**Task item**
Among the entries that follow, the required portion opens with the line containing "Modern TV Stand" and closes with the line containing "Latham Bagel Shop". Give that portion again exactly, and nothing else.
Supplied records START
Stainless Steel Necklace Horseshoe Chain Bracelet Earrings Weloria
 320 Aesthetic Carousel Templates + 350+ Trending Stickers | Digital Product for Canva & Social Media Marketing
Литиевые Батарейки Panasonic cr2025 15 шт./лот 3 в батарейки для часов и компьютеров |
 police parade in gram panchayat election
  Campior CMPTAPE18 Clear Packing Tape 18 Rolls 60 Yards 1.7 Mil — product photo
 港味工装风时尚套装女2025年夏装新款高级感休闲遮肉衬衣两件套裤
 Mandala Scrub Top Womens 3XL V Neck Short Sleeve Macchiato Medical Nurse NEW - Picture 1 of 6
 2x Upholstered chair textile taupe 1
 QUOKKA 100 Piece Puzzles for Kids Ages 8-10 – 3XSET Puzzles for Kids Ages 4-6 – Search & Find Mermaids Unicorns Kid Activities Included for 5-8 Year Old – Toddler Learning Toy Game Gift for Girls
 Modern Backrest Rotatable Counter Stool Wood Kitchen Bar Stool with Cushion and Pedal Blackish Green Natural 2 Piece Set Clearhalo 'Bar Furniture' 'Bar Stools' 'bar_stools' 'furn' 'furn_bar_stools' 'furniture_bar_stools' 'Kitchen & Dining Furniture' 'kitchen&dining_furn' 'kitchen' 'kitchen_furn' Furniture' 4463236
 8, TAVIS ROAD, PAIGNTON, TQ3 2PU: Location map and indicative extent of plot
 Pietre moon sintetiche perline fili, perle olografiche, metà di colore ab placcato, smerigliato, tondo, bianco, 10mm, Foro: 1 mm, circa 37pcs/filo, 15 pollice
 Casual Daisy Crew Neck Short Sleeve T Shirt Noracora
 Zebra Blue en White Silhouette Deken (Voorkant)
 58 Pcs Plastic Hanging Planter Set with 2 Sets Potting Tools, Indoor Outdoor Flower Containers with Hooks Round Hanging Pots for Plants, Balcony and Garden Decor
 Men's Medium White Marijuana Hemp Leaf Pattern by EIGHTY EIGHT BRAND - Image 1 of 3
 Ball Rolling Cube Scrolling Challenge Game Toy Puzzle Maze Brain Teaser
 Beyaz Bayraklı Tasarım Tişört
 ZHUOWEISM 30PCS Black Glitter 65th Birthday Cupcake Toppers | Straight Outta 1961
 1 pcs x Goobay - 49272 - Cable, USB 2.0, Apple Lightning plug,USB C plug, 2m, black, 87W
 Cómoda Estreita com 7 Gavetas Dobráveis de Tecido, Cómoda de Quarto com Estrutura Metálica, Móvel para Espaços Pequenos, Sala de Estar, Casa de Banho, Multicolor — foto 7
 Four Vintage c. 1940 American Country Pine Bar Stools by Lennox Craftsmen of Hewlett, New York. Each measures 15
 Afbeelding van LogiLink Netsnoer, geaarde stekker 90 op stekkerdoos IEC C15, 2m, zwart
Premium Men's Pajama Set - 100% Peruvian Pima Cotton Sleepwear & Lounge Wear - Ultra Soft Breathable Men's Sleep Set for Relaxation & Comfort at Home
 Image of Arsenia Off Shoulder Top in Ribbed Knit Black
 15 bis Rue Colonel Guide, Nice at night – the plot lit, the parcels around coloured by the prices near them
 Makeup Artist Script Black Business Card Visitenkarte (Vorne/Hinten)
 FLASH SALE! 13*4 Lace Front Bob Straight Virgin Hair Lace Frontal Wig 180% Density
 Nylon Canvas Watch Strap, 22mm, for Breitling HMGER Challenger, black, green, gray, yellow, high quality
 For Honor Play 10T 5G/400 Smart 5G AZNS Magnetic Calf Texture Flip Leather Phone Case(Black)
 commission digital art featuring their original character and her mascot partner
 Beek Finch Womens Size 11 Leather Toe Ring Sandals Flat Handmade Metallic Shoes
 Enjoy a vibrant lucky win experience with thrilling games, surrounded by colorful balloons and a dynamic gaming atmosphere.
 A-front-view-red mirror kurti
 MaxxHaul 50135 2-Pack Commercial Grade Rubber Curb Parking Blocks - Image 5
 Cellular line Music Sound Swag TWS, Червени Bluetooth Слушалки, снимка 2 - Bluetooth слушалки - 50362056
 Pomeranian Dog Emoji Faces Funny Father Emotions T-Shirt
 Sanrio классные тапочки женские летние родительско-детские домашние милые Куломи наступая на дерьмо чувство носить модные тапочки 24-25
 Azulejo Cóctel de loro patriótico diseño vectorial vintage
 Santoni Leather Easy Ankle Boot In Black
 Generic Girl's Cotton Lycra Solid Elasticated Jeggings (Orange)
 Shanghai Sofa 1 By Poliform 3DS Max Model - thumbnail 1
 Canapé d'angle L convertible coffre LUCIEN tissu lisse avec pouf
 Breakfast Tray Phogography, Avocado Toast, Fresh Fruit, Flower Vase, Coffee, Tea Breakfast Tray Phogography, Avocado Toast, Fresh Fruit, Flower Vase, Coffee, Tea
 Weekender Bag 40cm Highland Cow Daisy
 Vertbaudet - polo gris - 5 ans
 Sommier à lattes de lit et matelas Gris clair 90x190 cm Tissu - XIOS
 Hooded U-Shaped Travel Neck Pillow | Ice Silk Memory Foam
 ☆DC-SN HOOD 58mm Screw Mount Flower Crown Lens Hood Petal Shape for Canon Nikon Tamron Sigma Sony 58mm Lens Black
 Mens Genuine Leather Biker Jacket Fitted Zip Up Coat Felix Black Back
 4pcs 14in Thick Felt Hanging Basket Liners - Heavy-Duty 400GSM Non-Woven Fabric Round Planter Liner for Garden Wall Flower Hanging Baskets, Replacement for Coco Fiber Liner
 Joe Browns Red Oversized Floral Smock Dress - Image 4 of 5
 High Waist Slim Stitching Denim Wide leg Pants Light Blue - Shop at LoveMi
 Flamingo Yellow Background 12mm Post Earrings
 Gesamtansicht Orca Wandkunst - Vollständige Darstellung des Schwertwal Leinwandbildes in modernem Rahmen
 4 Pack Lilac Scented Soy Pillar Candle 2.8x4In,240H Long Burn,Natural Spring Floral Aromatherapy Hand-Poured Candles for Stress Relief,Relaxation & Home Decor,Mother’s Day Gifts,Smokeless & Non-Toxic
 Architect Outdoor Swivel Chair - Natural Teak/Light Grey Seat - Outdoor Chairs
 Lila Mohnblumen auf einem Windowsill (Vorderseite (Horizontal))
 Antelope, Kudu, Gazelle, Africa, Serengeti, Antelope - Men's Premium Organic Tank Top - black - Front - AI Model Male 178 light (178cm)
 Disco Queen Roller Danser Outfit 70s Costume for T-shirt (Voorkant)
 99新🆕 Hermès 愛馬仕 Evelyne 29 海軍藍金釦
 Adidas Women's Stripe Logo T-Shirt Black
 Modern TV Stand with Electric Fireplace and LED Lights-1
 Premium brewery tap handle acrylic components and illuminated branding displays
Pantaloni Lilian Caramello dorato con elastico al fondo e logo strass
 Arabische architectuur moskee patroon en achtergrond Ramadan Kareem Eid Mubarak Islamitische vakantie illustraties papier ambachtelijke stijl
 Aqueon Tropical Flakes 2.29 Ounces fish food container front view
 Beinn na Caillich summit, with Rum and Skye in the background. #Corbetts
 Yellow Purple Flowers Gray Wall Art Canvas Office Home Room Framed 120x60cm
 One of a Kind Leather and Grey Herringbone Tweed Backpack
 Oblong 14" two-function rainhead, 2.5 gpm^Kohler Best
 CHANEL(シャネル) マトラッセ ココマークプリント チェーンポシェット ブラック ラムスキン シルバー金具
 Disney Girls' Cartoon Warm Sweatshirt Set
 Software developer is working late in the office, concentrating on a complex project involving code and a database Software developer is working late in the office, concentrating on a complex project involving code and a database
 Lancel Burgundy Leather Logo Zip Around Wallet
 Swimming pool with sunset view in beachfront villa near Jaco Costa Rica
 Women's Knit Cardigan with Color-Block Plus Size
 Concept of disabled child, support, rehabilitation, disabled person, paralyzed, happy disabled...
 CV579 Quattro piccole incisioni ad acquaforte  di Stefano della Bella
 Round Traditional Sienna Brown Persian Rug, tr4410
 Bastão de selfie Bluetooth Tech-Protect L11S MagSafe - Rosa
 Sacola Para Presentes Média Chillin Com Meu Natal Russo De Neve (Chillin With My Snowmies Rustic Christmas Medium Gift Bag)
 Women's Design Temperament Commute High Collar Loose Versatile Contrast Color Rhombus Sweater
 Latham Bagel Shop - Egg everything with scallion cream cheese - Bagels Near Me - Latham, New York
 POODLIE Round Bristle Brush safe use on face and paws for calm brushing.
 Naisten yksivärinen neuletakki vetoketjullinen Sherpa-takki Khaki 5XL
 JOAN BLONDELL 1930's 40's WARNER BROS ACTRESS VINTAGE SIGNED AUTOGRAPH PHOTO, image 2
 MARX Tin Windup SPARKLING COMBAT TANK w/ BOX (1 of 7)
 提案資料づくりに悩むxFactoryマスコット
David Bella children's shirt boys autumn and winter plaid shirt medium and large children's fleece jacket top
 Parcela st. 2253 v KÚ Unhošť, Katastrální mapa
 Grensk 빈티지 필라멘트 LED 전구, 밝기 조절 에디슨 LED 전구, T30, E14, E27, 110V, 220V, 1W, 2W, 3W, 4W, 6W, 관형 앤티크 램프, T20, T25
Supplied records END
**Expected output**
 Modern TV Stand with Electric Fireplace and LED Lights-1
 Premium brewery tap handle acrylic components and illuminated branding displays
Pantaloni Lilian Caramello dorato con elastico al fondo e logo strass
 Arabische architectuur moskee patroon en achtergrond Ramadan Kareem Eid Mubarak Islamitische vakantie illustraties papier ambachtelijke stijl
 Aqueon Tropical Flakes 2.29 Ounces fish food container front view
 Beinn na Caillich summit, with Rum and Skye in the background. #Corbetts
 Yellow Purple Flowers Gray Wall Art Canvas Office Home Room Framed 120x60cm
 One of a Kind Leather and Grey Herringbone Tweed Backpack
 Oblong 14" two-function rainhead, 2.5 gpm^Kohler Best
 CHANEL(シャネル) マトラッセ ココマークプリント チェーンポシェット ブラック ラムスキン シルバー金具
 Disney Girls' Cartoon Warm Sweatshirt Set
 Software developer is working late in the office, concentrating on a complex project involving code and a database Software developer is working late in the office, concentrating on a complex project involving code and a database
 Lancel Burgundy Leather Logo Zip Around Wallet
 Swimming pool with sunset view in beachfront villa near Jaco Costa Rica
 Women's Knit Cardigan with Color-Block Plus Size
 Concept of disabled child, support, rehabilitation, disabled person, paralyzed, happy disabled...
 CV579 Quattro piccole incisioni ad acquaforte  di Stefano della Bella
 Round Traditional Sienna Brown Persian Rug, tr4410
 Bastão de selfie Bluetooth Tech-Protect L11S MagSafe - Rosa
 Sacola Para Presentes Média Chillin Com Meu Natal Russo De Neve (Chillin With My Snowmies Rustic Christmas Medium Gift Bag)
 Women's Design Temperament Commute High Collar Loose Versatile Contrast Color Rhombus Sweater
 Latham Bagel Shop - Egg everything with scallion cream cheese - Bagels Near Me - Latham, New York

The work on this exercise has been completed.